• [THE PROBLEM] Exact copy, pictures excluded: print the lines from the one with "A black and" through the final line of the records.

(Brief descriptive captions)
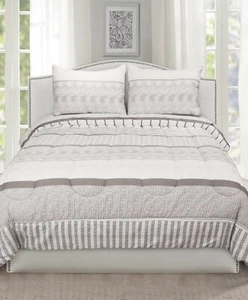SET PIUMONE HALLMART COLLECTIBLES HARTIGAN 3PZ FULL/QN GRIGIO NUOVO IN CONFEZIONE - Foto 1 di 4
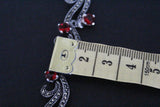 Necklace marcasite Sterling silver 925 red stones delicate CHOOSE LENGTH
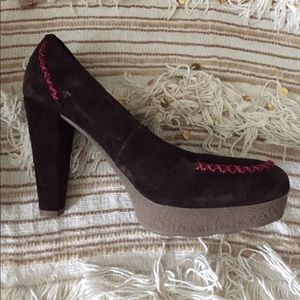 Anthropologie Brown Suede platform pumps sz 8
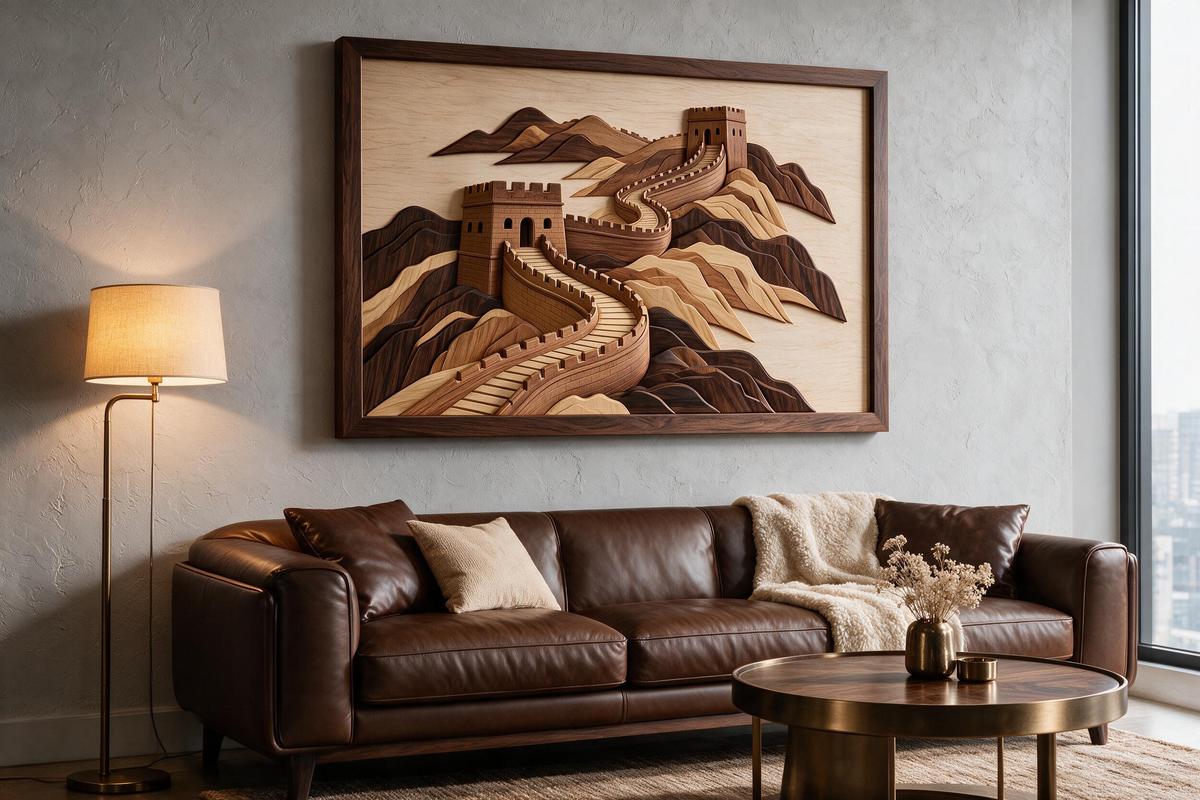 Great Wall Intarsia Wood Art Pattern, Digital Download SVG DXF Multi-Size PDF CNC & Laser Cutting Plans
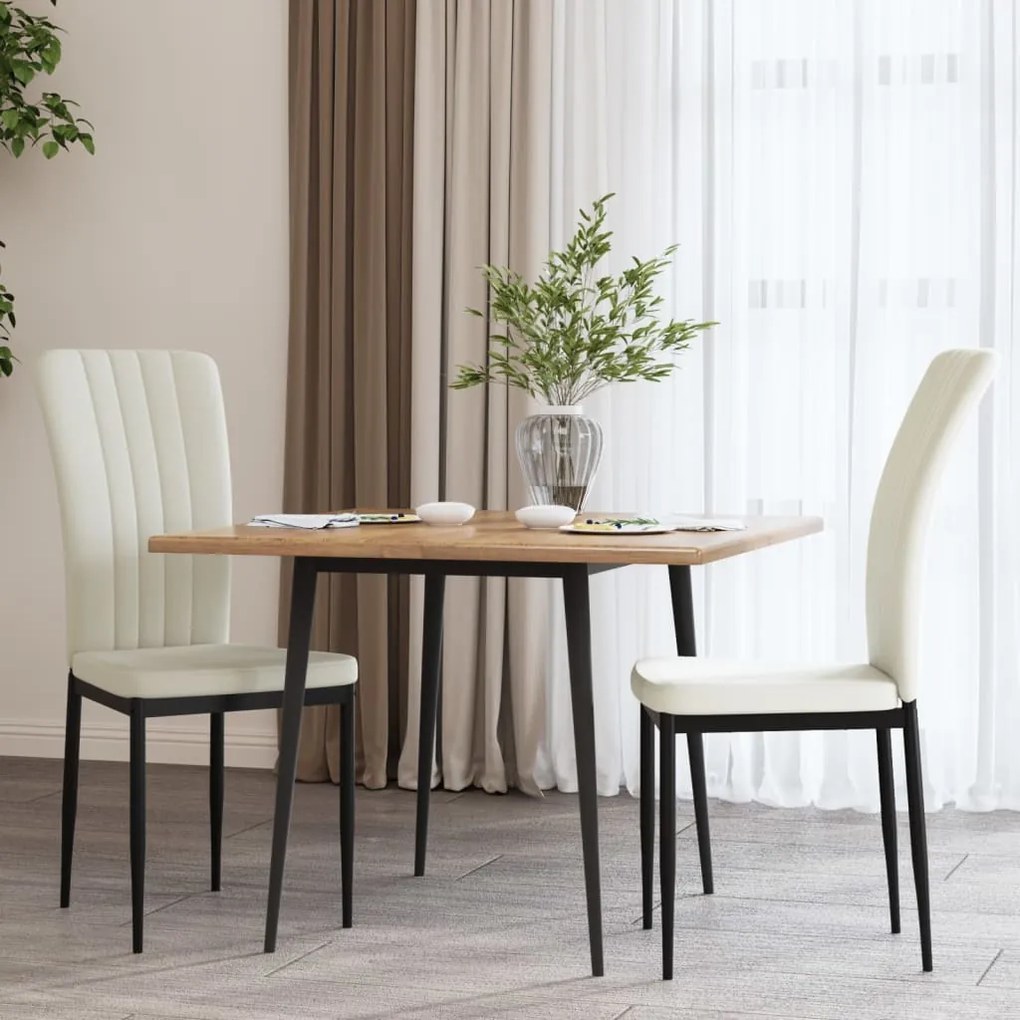 326102 vidaXL Cadeiras de jantar 2 pcs veludo cor creme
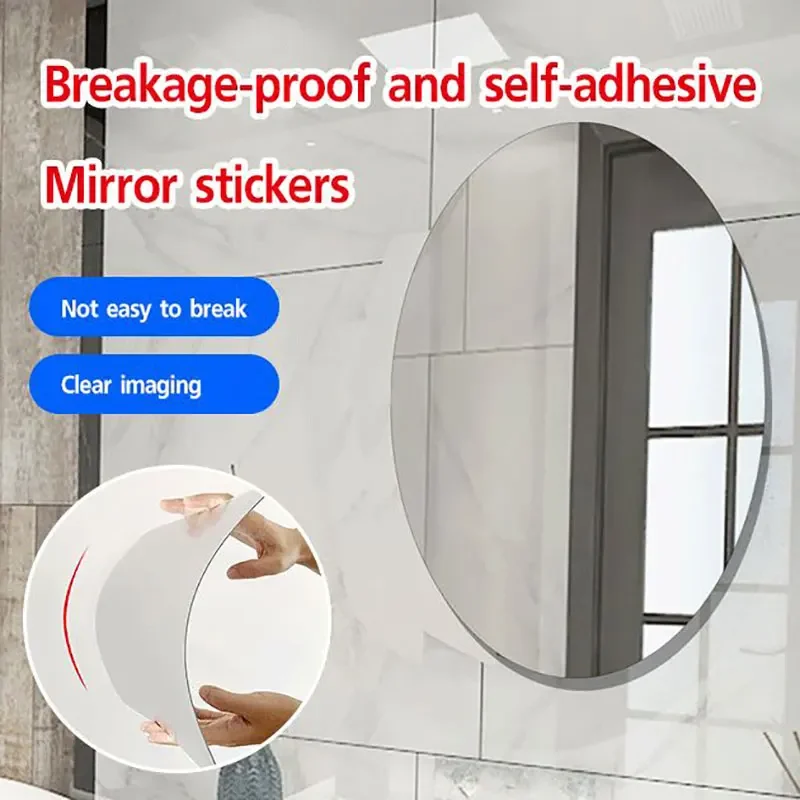 1/2pcs Mirror Decorative Wall Mirrors Sticker Room Decor Glass Soft Mirror Wall Sticker Home Bathroom Living Room Decor
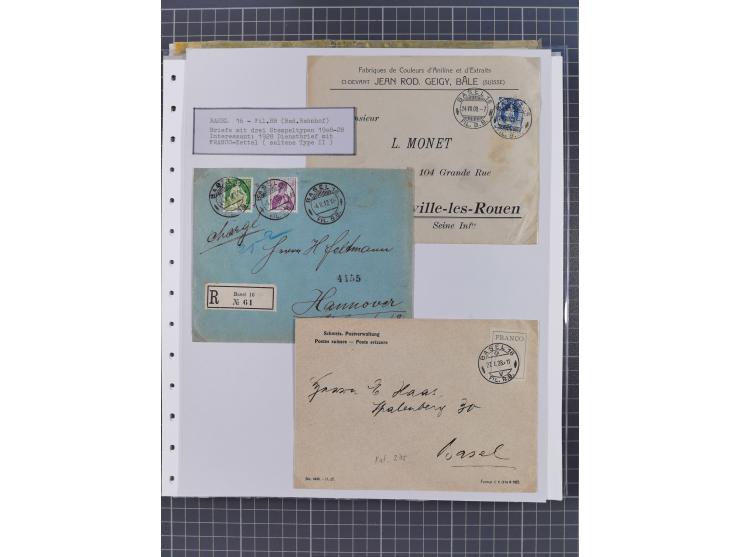 BASEL BADISCHER BAHNHOF: 1852/1970 (ca.), meist ausstellungsmäßig aufgezogene Sammlung auf über 50 Blättern, dabei frühe Reis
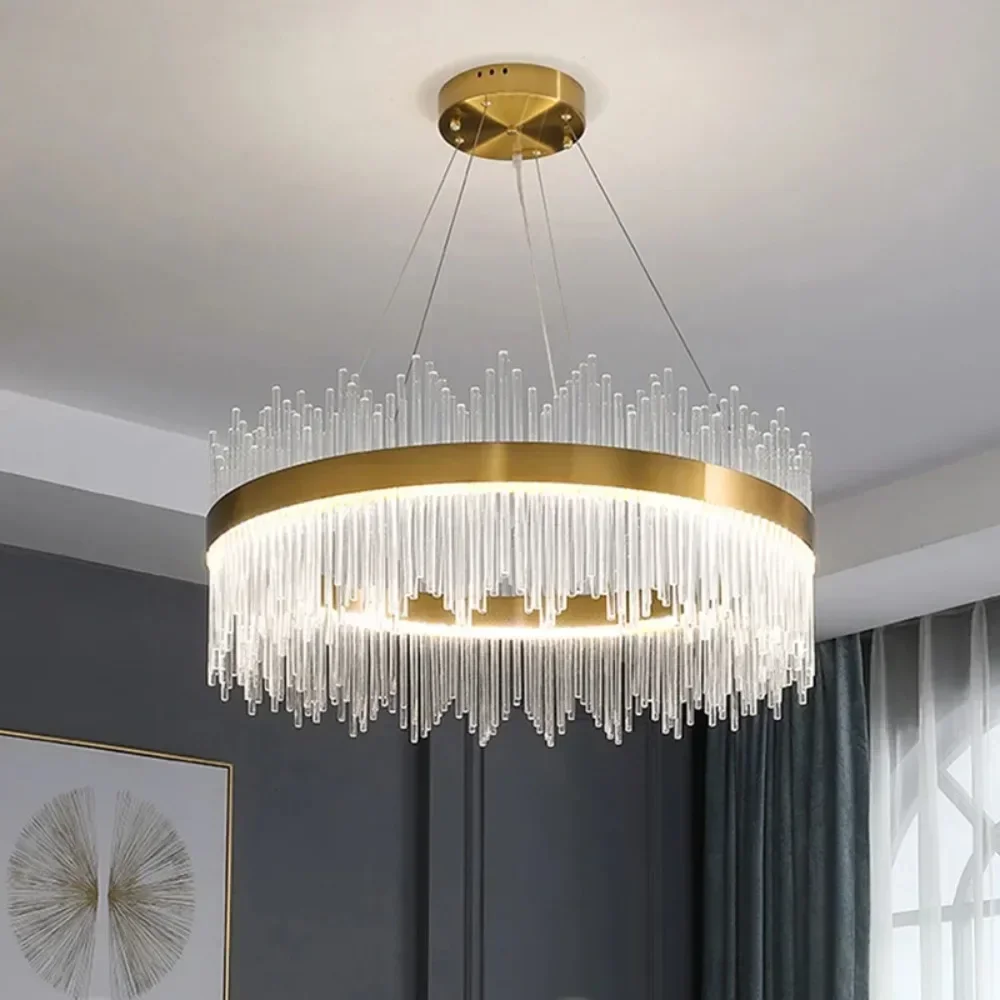 

Light Luxury Living Room Chandelier Post-modern Crystal Bedroom Dining Room Model Room Round Atmosphere Large Chandelier Fixture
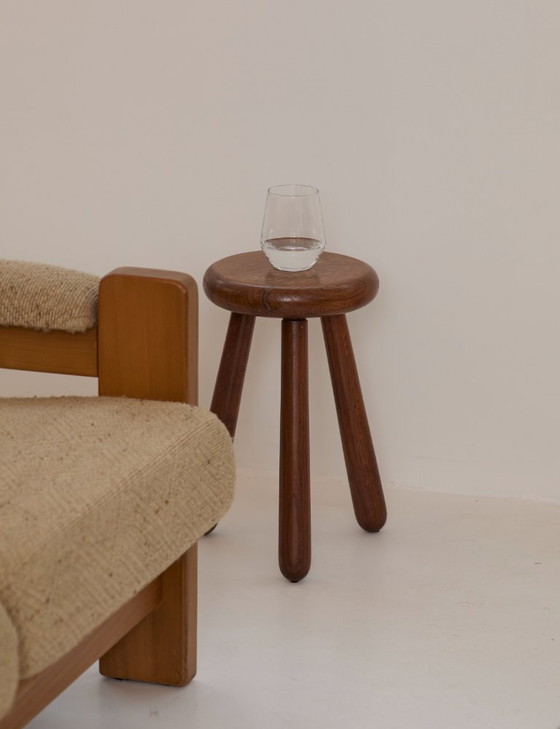 Image 1 of Vintage French tripod stool, brutalist style, made of solid wood, circa 1960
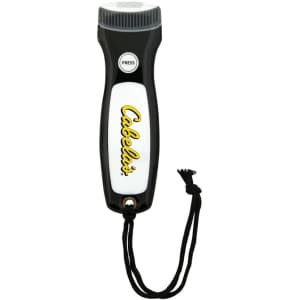 A black and white magnetic flashlight featuring a textured grip and a wrist strap. It has a logo on the side.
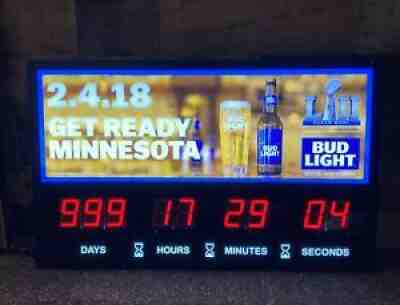 Bud Light Beer NFL Super Bowl LII 52 Minnesota Countdown Sign Clock - Rare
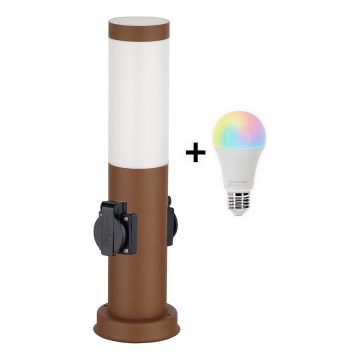 Brilagi - Lámpara exterior LED RGBW regulable con 2 enchufes 1xE27/9W/230V 2700-6500K IP44 40 cm marrón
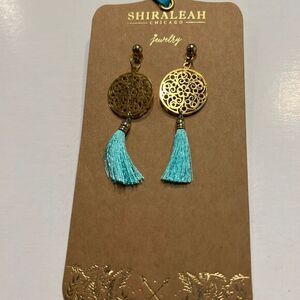 Shiraleah Chicago Gold Filigree Turquoise Tassel Statement‎ Earrings Boho Chic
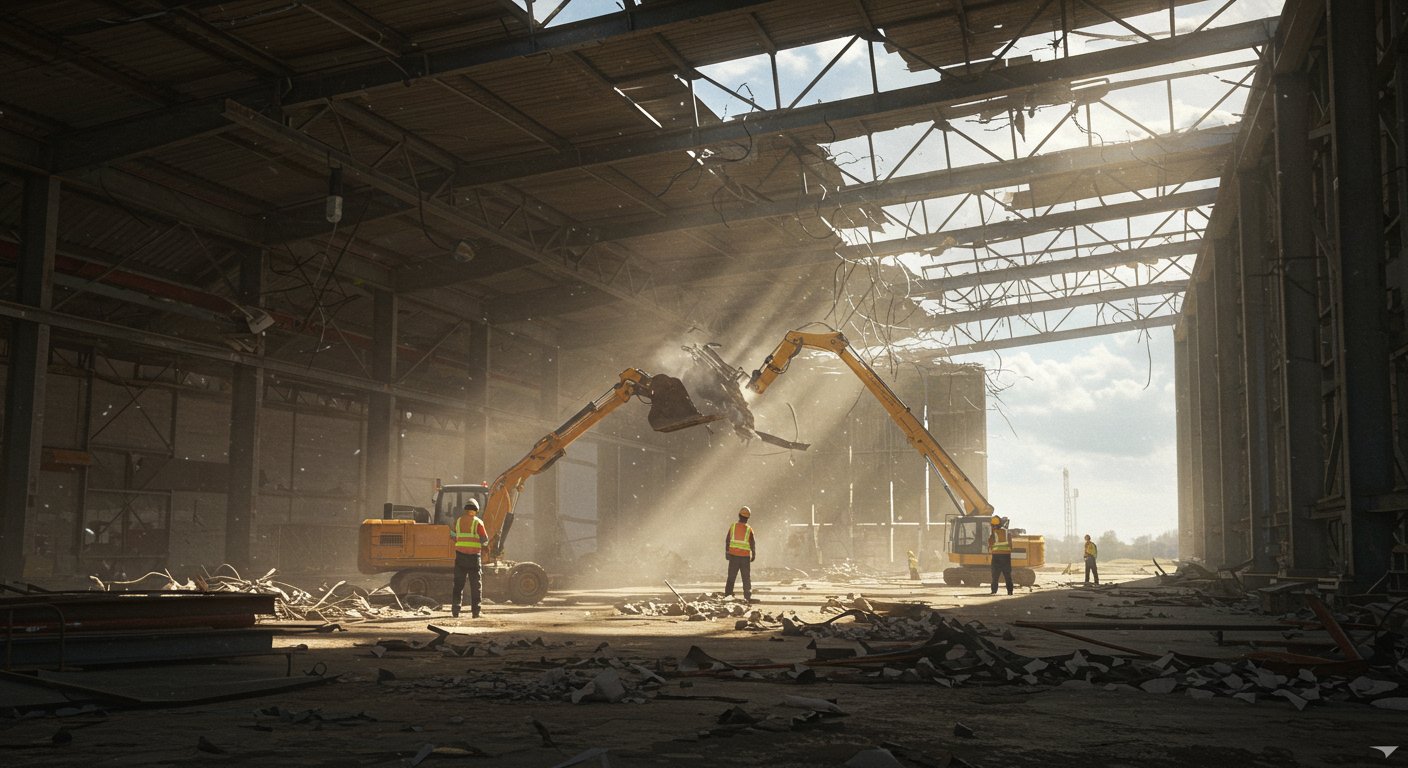 Процесс демонтажа ангаров по проекту Демонтаж ангара по проекту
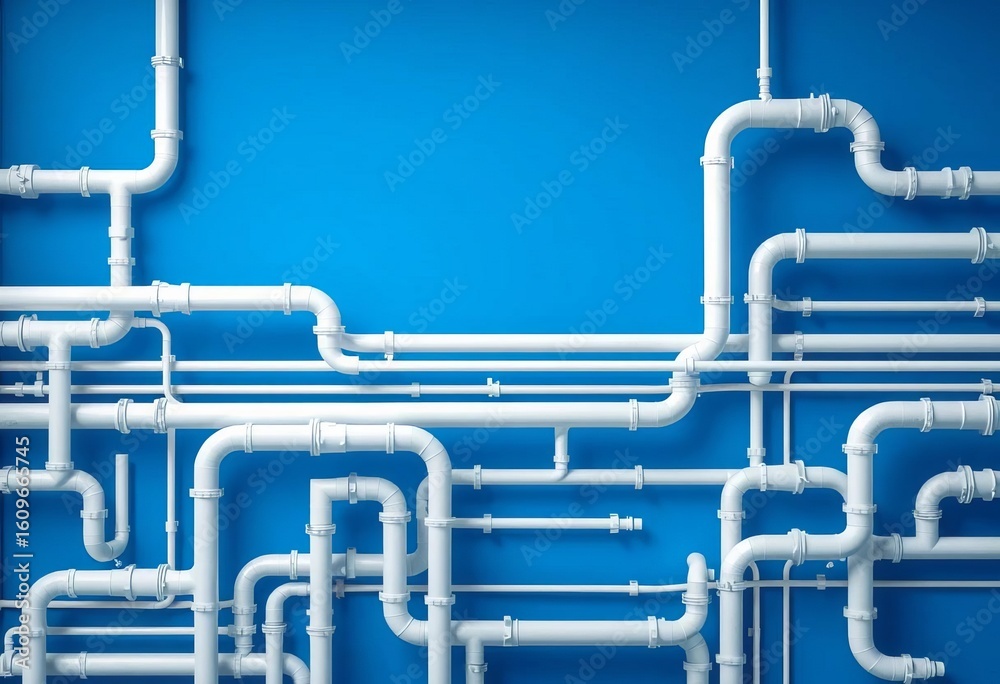 Horizontal seamless pattern of white industrial pipes on blue background ,  supply,  clean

• [ANSWER TO THE EXERCISE]
 A black and white magnetic flashlight featuring a textured grip and a wrist strap. It has a logo on the side.
 Bud Light Beer NFL Super Bowl LII 52 Minnesota Countdown Sign Clock - Rare
 Brilagi - Lámpara exterior LED RGBW regulable con 2 enchufes 1xE27/9W/230V 2700-6500K IP44 40 cm marrón
 Shiraleah Chicago Gold Filigree Turquoise Tassel Statement‎ Earrings Boho Chic
 Процесс демонтажа ангаров по проекту Демонтаж ангара по проекту
 Horizontal seamless pattern of white industrial pipes on blue background ,  supply,  clean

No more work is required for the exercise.